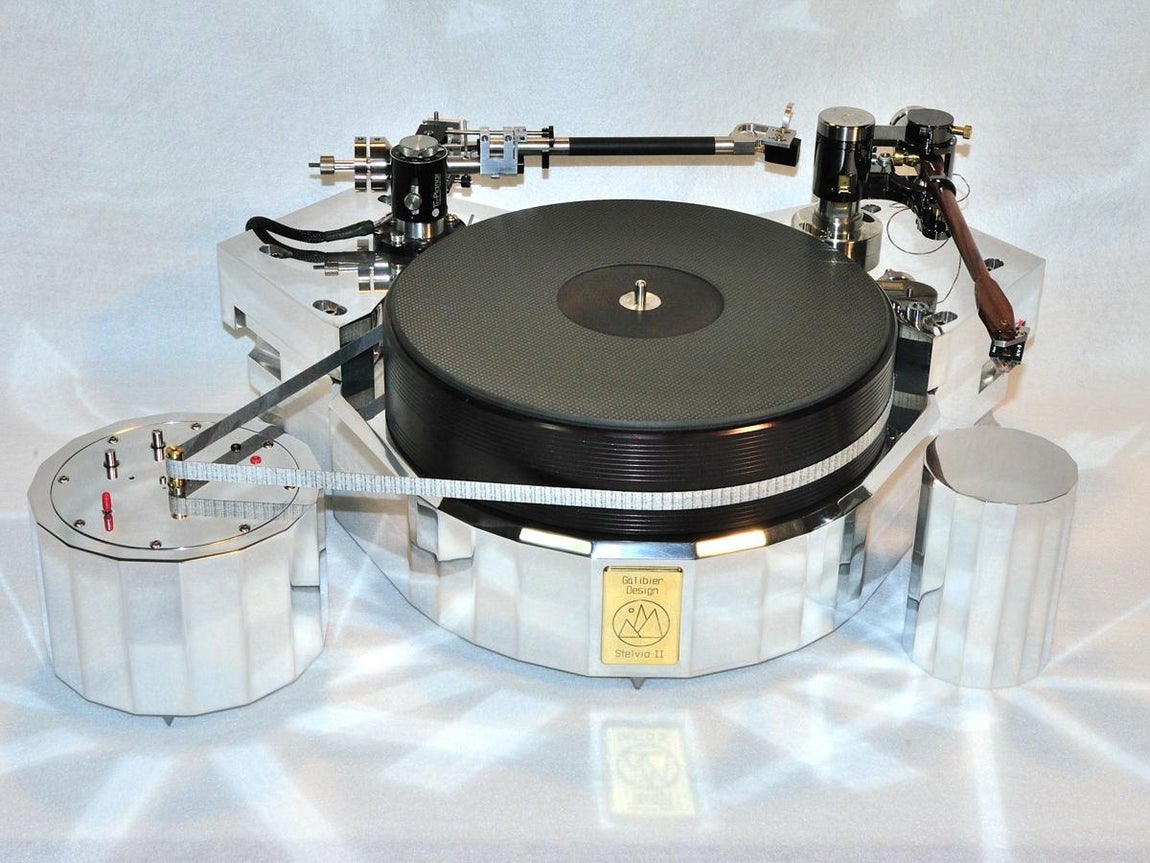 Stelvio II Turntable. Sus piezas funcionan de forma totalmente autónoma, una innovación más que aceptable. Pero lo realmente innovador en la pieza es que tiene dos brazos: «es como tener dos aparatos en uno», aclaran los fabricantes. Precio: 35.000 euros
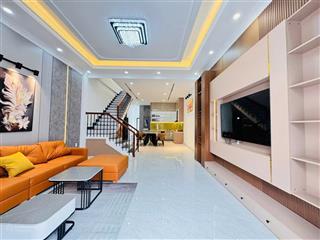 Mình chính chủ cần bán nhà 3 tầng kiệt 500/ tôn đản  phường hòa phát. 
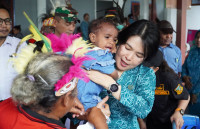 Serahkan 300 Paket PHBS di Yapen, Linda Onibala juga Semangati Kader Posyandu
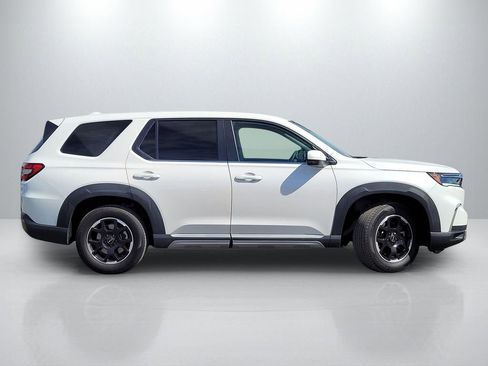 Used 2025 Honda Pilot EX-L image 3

____________________

What is being asked: A word-for-word repeat is expected of the lines from the one with "Mình chính chủ" to the end of the data, both included; pictures are not part of it.

Task response:
 Mình chính chủ cần bán nhà 3 tầng kiệt 500/ tôn đản  phường hòa phát. 
 Serahkan 300 Paket PHBS di Yapen, Linda Onibala juga Semangati Kader Posyandu
 Used 2025 Honda Pilot EX-L image 3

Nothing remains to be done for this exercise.